There’s a debate in the philosophy of language about the meaning of “meaning.”

Specifically, it is about whether meaning is “intensional” or “extensional.” Intensional meaning is meaning as we normally understand it. If I say “beaver,” the meaning of that word is some kind of concept or sense, perhaps based on meeting certain criteria. It’s some idea in my mind. Extensional meaning is meaning based solely on reference. Thinking extensionally, the meaning of “beaver” is the collection of all things that are beavers.

The debate gets complicated and technical. Traditionally, meaning has been thought to be intensional (“internalism”). Influential arguments by Saul Kripke and Hilary Putnam, among others, have tilted the balance, such that contemporary philosophers of language tend to lean more toward “externalism”: an extensional view of meaning. In this post, I’ll quickly summarize Putnam’s argument. In a subsequent post, I’ll spell out possible objections to it.
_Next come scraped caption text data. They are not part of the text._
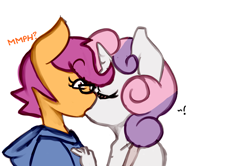 Size: 1280x851 | Tagged: safe, artist:somescrub, scootaloo, sweetie belle, anthro, ask nudist sweetie belle, female, glasses, kissing, lesbian, older, scootabelle, surprise kiss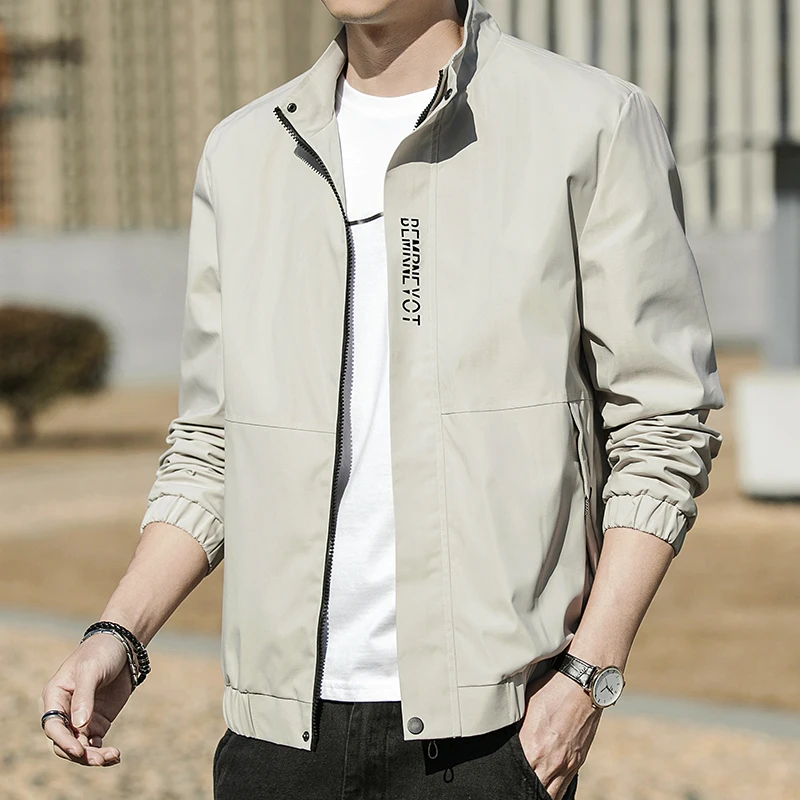 2023 Spring Autumn Casual Solid Fashion Slim Bomber Jacket Men Overcoat New Arrival Baseball Jackets Men's Jacket M-5XL Top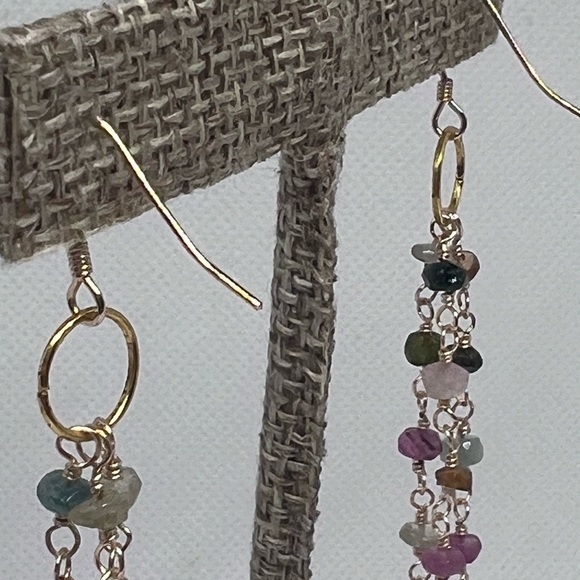 HANDMADE Rainbow Tourmaline Dangle Earrings on 14k GF ear wires. - Picture 6 of 7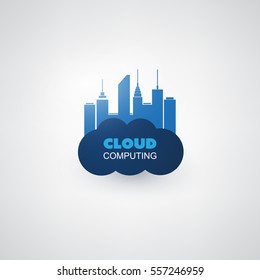 Cloud Computing Design Concept - Digital Network Connections, Technology Background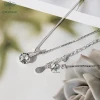 Dây chuyền bạc nữ TLEE mặt nụ đá nạm đá sang trọng giá 476k giảm từ 599k D0117 7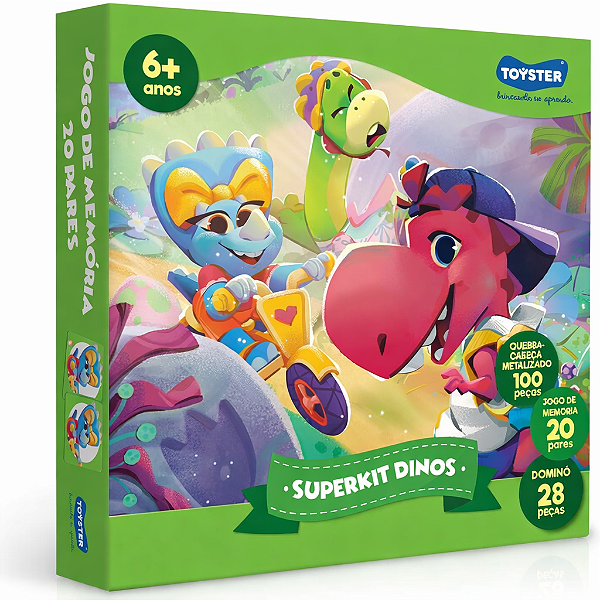Kit Jogos Dinossauros Memória Dominó Puzzle Toyster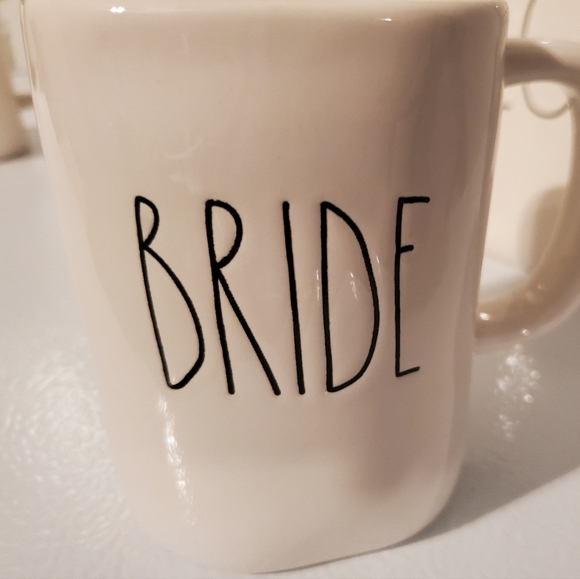 2 rae dunn mugs bride and groom - Picture 2 of 5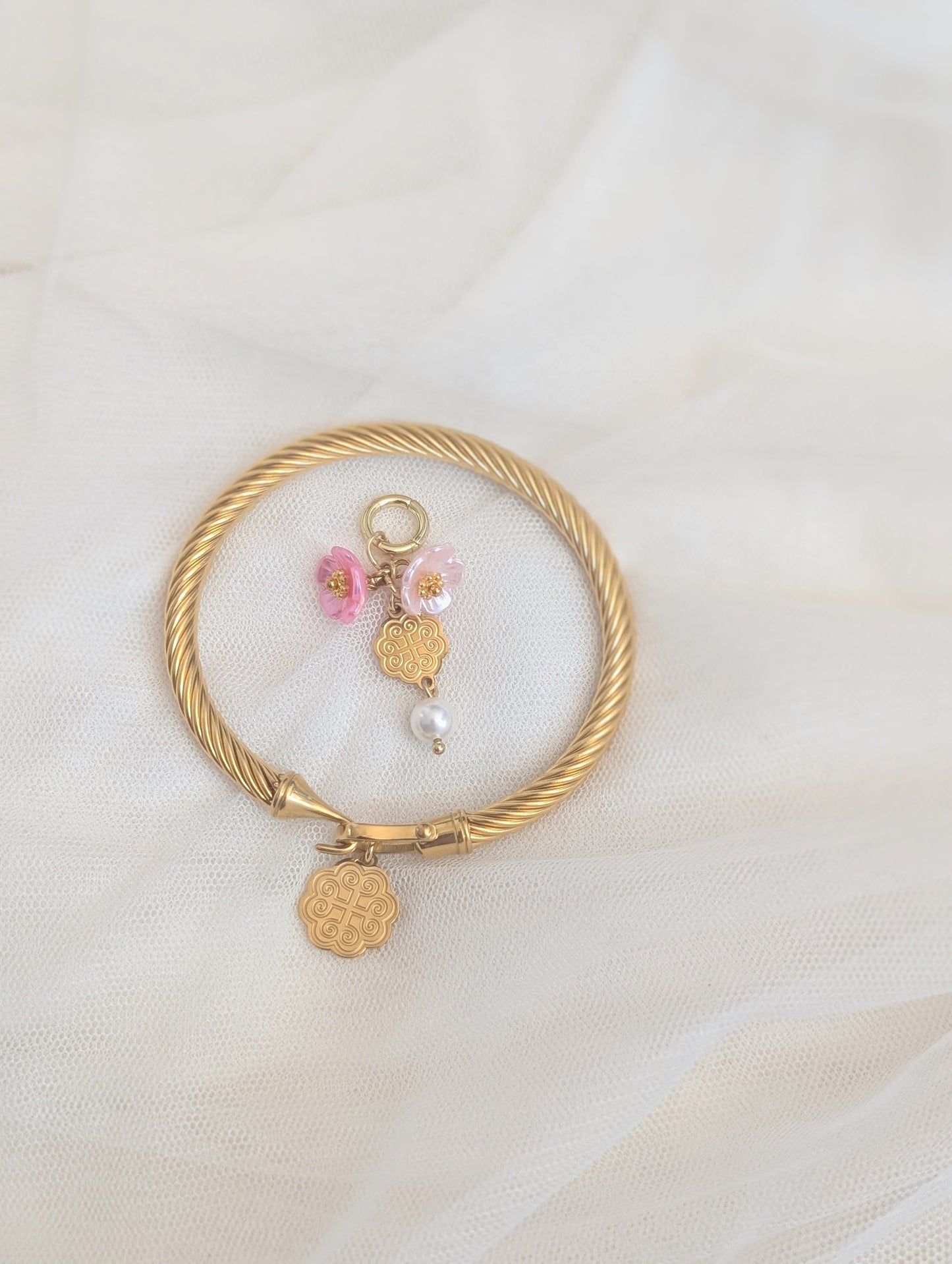 Floral Simple Multi Use Bangle Bracelet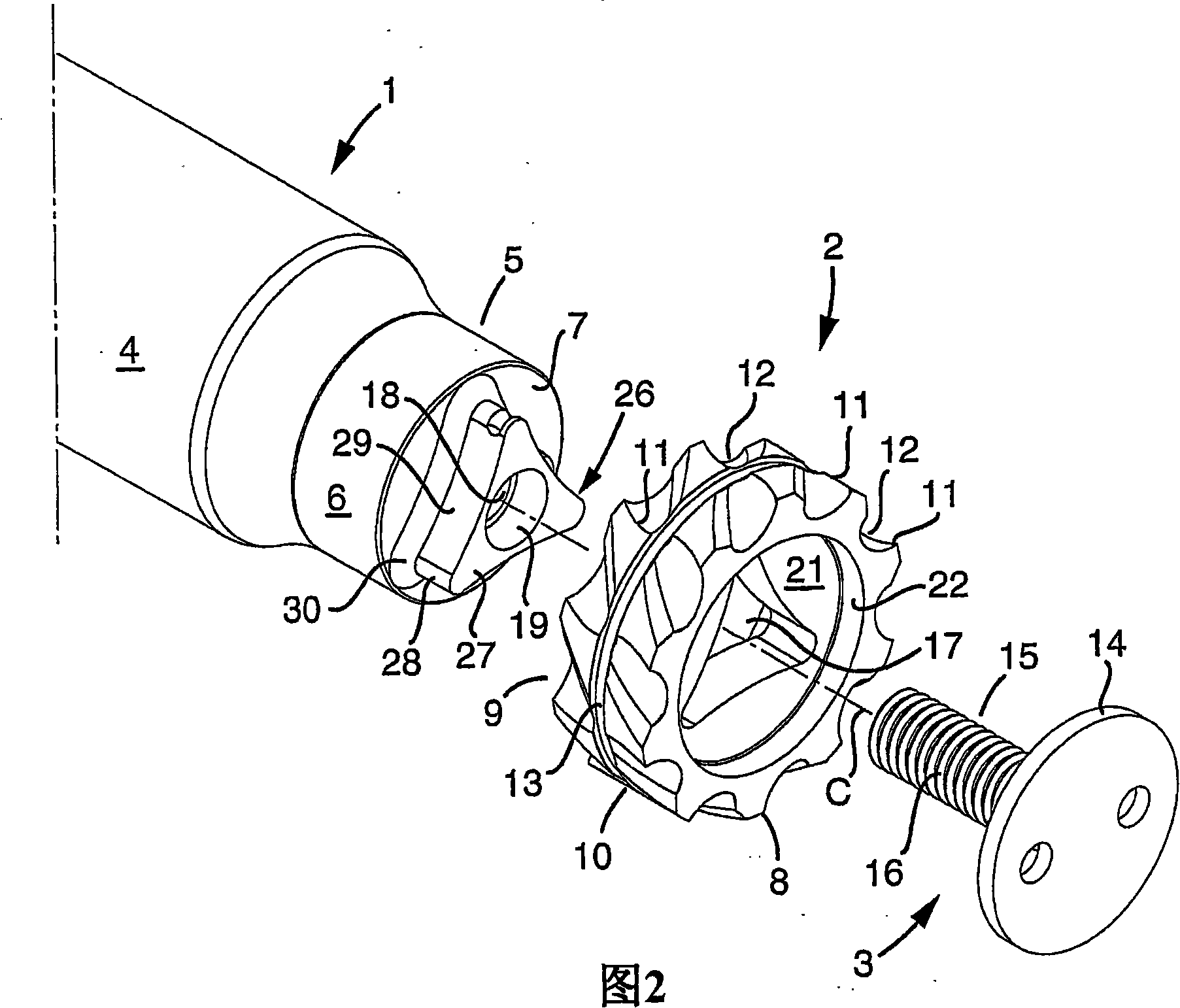 A milling cutter head and a milling cutter tool with holow spaces for receiving a male element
Imagine a Twin Earth on a galaxy far, far away. Twin Earth is exactly like Earth. Everything that has ever happened on Earth has also happened on Twin Earth, down to the last detail. There is only one exception: on Twin Earth, water isn’t made of H2O. It’s made of a totally different compound, called XYZ. XYZ looks, smells, and tastes exactly like H2O. Although the chemical makeups of XYZ and H2O are distinct, there is no difference that is discernible without sophisticated equipment.